J'ai été l'auteur d'un rapport sur la sécurité dans les gares et les transports. L'autre jour, vous étiez avec le Premier Ministre Gare du Nord, où vous avez expliqué les mesures qui ont été déployées. Pouvez-vous nous donner des informations sur les mesures prises dans le Métro par la RATP dont vous avez été la présidente ?

Mon troisième point concernera la fraude qui représente chaque année 500 millions d'euros de pertes, dont 200 millions d'euros pour la RATP. Lors des contrôles et des verbalisations, les cartes d'identité périmées ne permettent pas de retrouver les personnes qui commettent des infractions ; ce qui, en retour, induit des pertes considérables pour la RATP et la SNCF. Dans la Loi Savary, il était prévu de fiabiliser ces adresses et un décret devait être rendu en ce sens. Où en est-on ? Il est en effet important que les adresses des contrevenants soient fiables.

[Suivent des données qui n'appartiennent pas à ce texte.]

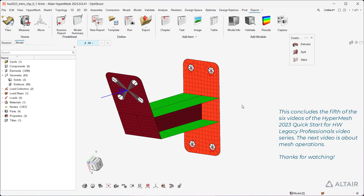This concludes the fifth of the six videos of the HyperMesh 2023 Quick Start for HyperWorks Legacy Professionals video series. The next video is about mesh operations. Thanks for watching.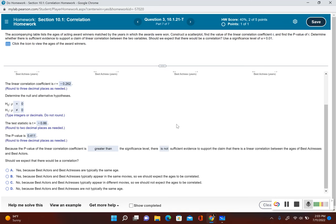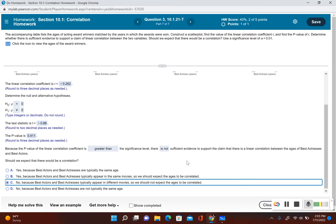Finally, should we expect there to be a correlation? We shouldn't expect best actors and best actresses to be the same age, so no, we would not expect a correlation. Looking at the answer choices, choice C says no because best actors and best actresses typically appear in different movies, and choice D says no because they are not typically the same age. Choice C makes the most sense — since best actors and best actresses typically appear in different movies, we should not expect their ages to be correlated.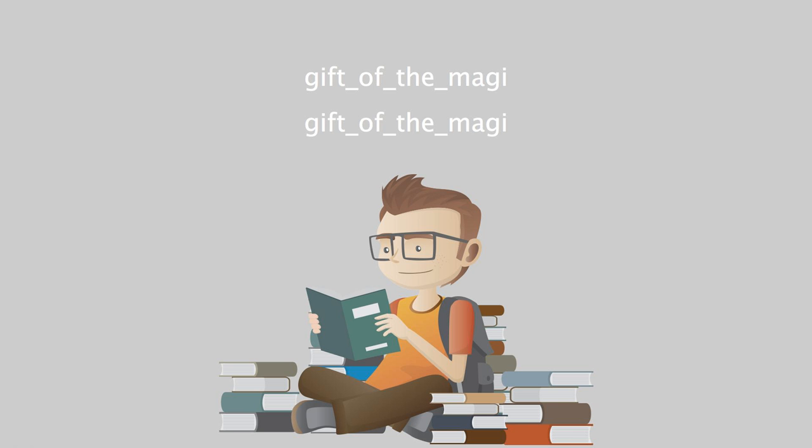So now Della's beautiful hair fell about her rippling and shining like a cascade of brown waters. It reached below her knee and made itself almost a garment for her. And then she did it up again nervously and quickly. Once she faltered for a moment and stood still while a tear or two splashed on the worn red carpet. On went her old brown jacket. On went her old brown hat. With a whirl of skirts and with the brilliant sparkle still in her eyes, she fluttered out the door and down the stairs to the street.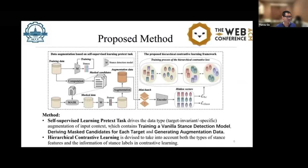The second module, PTSDL, contains three components: first, the input; second, PTSDL learning; and third, the stance classifier.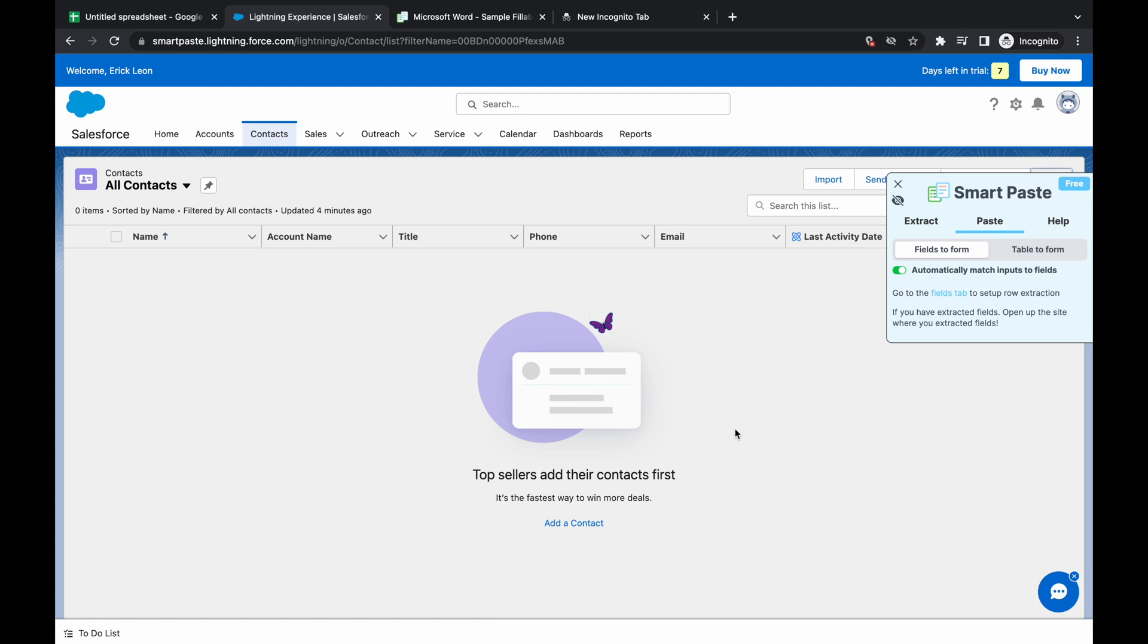Hey everyone, today we're going to use SmartPaste and I'm going to teach you how to use the autofill feature using SmartPaste.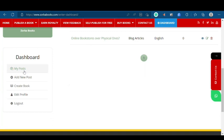The next tab is Add New Post, which allows you to create a new blog. The Create a Book button will allow you to compile your blogs in the form of a book.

M. Guillaume Gontard . - Merci Madame la Ministre pour votre exposé très précis. Vous venez de nous faire part de votre ambition pour le secteur ferroviaire français, malgré l'endettement structurel qui pénalise SNCF Réseau. À ce titre, je salue la décision du Gouvernement de mettre en pause un certain nombre de projets coûteux et souvent écologiquement controversés, comme le Lyon-Turin.

Comme vous le précisez, le réseau ferroviaire régional n'est pas un réseau secondaire. C'est effectivement le réseau du quotidien, pour l'immense majorité de nos concitoyens et la seule alternative à la voiture qui permet de limiter nos émissions de CO 2 .

Vous parliez à cet égard de mobilité plus propre. Or, depuis toujours, ce réseau souffre de la priorité des investissements accordée aux LGV. Les infrastructures sont aujourd'hui vieillissantes et nécessitent d'importants travaux de rénovation et de modernisation. L'enjeu n'est pas seulement matériel. En effet, dans nos territoires ruraux, ce sont les restrictions de personnels qui entraînent une baisse de qualité sur de nombreuses lignes, de leur fréquentation et ainsi de leur rentabilité qui entraîne leur fermeture progressive. C'est un cercle vicieux qui est insupportable alors qu'il est indispensable de renforcer nos réseaux ferroviaires régionaux, tant pour le transport des passagers que des marchandises, afin notamment de désengorger nos routes et nos agglomérations.

Pour vous donner un seul exemple situé dans mon département, la ligne Grenoble-Veyne-Gap - l'Etoile ferroviaire - représente l'unique desserte entre les Alpes du Sud et du Nord et est aujourd'hui menacée de disparition. Les investissements promis n'arrivent pas, les gares ferment les unes après les autres, les retards se multiplient. Et pourtant, le nombre de voyageurs continue de s'accroître sur cette ligne essentielle pour la vitalité de nos territoires montagneux enclavés. La mobilisation massive des élus locaux et des citoyens est là pour en témoigner.

Même si les Assises de la mobilité sont en cours, pourriez-vous, Madame la Ministre, nous préciser les intentions du Gouvernement pour renforcer et pérenniser le réseau ferroviaire régional ?

M. Patrick Chaize . - Vous avez évoqué l'augmentation des crédits des CPER pour les infrastructures routières. Des priorités ont-elles d'ores et déjà été fixées en la matière ? De quels montants parle-t-on ? S'agissant des liaisons TGV, vous nous avez indiqué qu'il n'y avait pas de remise en cause du modèle par la desserte du TGV en milieu plus rural, sur les lignes hors grande vitesse. Néanmoins, l'éventuelle fermeture des gares TGV dans ces territoires ruraux suscite de nombreuses inquiétudes. Vous avez évoqué le coût important de ces gares, en évoquant le péage, avec un risque d'augmentation du coût des transports. Est-ce le cas ? Pourquoi ne pas envisager plutôt la solidarité entre les territoires afin de pouvoir maintenir ces gares très utiles pour irriguer nos territoires ruraux.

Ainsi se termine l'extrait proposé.